▸ **INPUT MATERIAL**:
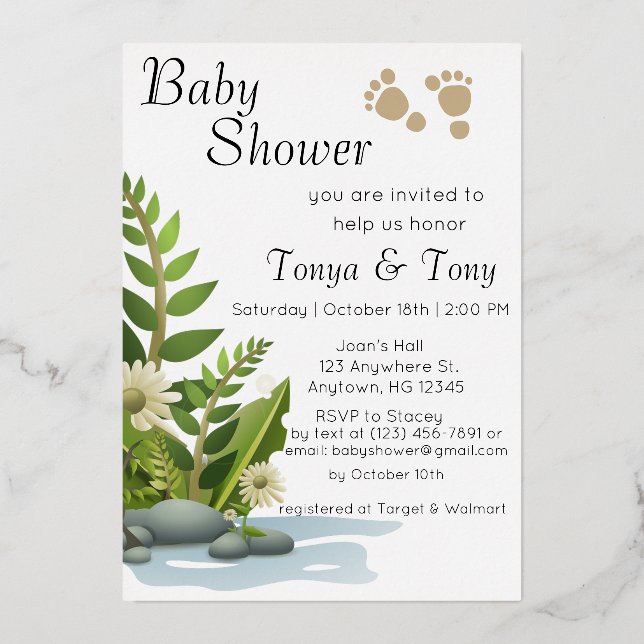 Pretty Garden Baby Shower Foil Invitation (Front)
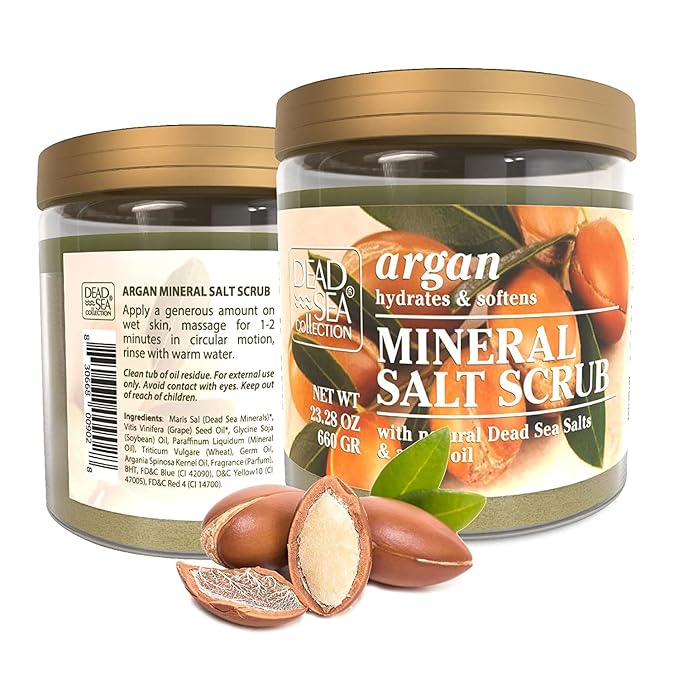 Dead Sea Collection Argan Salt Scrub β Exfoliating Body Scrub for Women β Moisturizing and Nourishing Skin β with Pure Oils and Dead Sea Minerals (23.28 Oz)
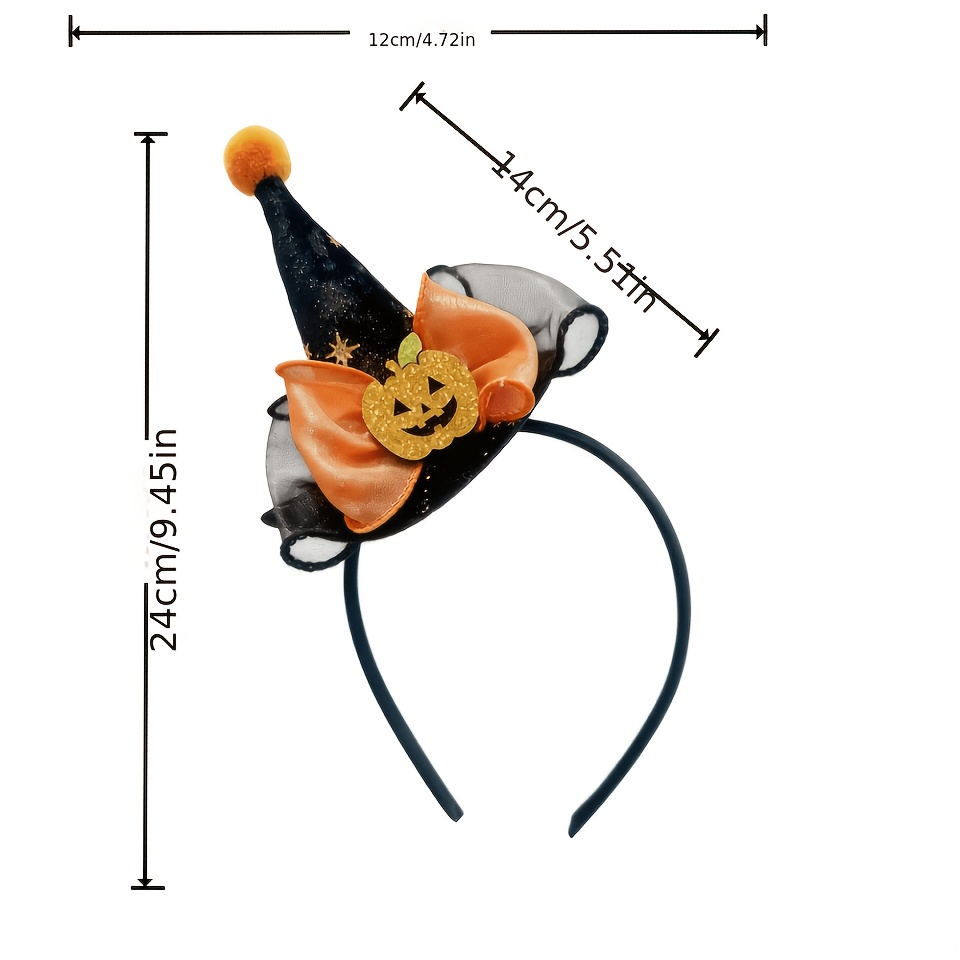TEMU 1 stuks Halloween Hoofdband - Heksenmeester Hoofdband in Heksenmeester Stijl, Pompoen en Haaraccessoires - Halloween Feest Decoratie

--

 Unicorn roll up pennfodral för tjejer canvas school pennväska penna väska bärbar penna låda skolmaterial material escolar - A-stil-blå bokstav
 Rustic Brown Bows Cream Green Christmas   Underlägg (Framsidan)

▸ **EXERCISE**: When you reach the line holding "Pretty Garden Baby" in the listing above, begin retyping exactly, and stop once the line holding "TEMU 1 stuks" is done; pictures stay out.

▸ **RESULT OF THIS EXERCISE**:
 Pretty Garden Baby Shower Foil Invitation (Front)
 Dead Sea Collection Argan Salt Scrub β Exfoliating Body Scrub for Women β Moisturizing and Nourishing Skin β with Pure Oils and Dead Sea Minerals (23.28 Oz)
TEMU 1 stuks Halloween Hoofdband - Heksenmeester Hoofdband in Heksenmeester Stijl, Pompoen en Haaraccessoires - Halloween Feest Decoratie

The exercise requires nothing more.